Before moving the data i had to ensure, that there will be enough space in the VARCHAR2 columns which were defined as VARCHAR2(255 BYTE).
That’s where my travel started, i had to figure out how many bytes a CLOB-Value would consume when storing in a VARCHAR2 column.
LENGTH(<clob-column>) fails, because it returns the number of characters
DBMS_LOB.getLength(<clob-column>) fails as well, because it returns number of characters
LENGTHB doesn’t work on CLOBs, so i thought: implicit type conversion, so i came up with this
LENGTHB(DBMS_LOB.SUBSTR(<clob-column>,1,2000)) this one looked promising, but it failed at the end because it would return the number of bytes this string uses in the CLOB Characterset (which is AL16UTF16)
The winner is: LENGTHB(TO_CHAR(SUBSTR(<clob-column>,1,4000))) this one really returns the size in bytes the string would consume when stored in a VARCHAR2 column.
Thanks to explicit type conversion!
I still haven’t come up with a good way to determine if a CLOB > 4K contains any multibyte characters. I ran into many of the same limitations you did above. I ended up writing a java program that read each character and determined if its code point value was greater than 255. A really ugly hack.
Steve,
is it important to know whether the resulting string contains multibyte characters?

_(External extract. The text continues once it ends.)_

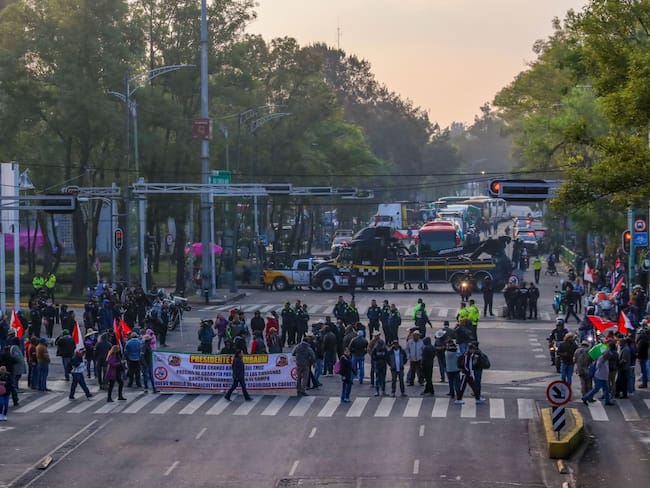 Transportistas entregan pliego de demandas y abrirán diálogo con el gobierno este jueves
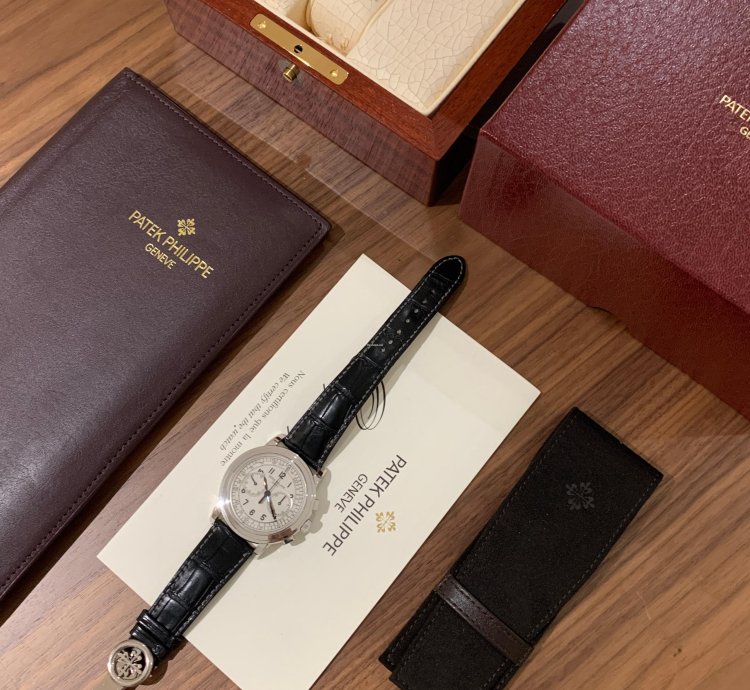 Patek Philippe Chronograph In White Gold - Discontinued - 5070g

To me it was enough to know, if the resulting string exceeds a certain length, no matter if there are multibyte characters in it, or not.
Thanks you are a life saver!
I ran into the same problem, albeit when trying to calculate the length of XMLTYPE contents.
Finally the solution was to write my own function that returns a such a CLOB that LENGTH would always give the correct value !
Just in case it is needed, I will provide my solution here :
create or replace
FUNCTION “BLOB_TO_CLOB” (p_blob IN BLOB) RETURN CLOB
AS
v_clob CLOB;
v_dest_offset INTEGER := 1;
v_source_offset INTEGER := 1;
v_lang_context INTEGER := DBMS_LOB.DEFAULT_LANG_CTX;
v_warning INTEGER := DBMS_LOB.WARN_INCONVERTIBLE_CHAR;
BEGIN
DBMS_LOB.CREATETEMPORARY(v_clob, TRUE);
DBMS_LOB.CONVERTTOCLOB
(
DEST_LOB => v_clob,
SRC_BLOB => p_blob,
AMOUNT => DBMS_LOB.LOBMAXSIZE,
DEST_OFFSET => v_dest_offset,
SRC_OFFSET => v_source_offset,
BLOB_CSID => DBMS_LOB.DEFAULT_CSID,
LANG_CONTEXT => v_lang_context,
WARNING => v_warning
);
RETURN v_clob;
END BLOB_TO_CLOB;
SELECT LENGTH(BLOB_TO_CLOB(.getBlobVal(NLS_CHARSET_ID(‘AL32UTF8″)))
FROM DUAL;
Hi Filippos,
what is the .getblobval which you are using in your query?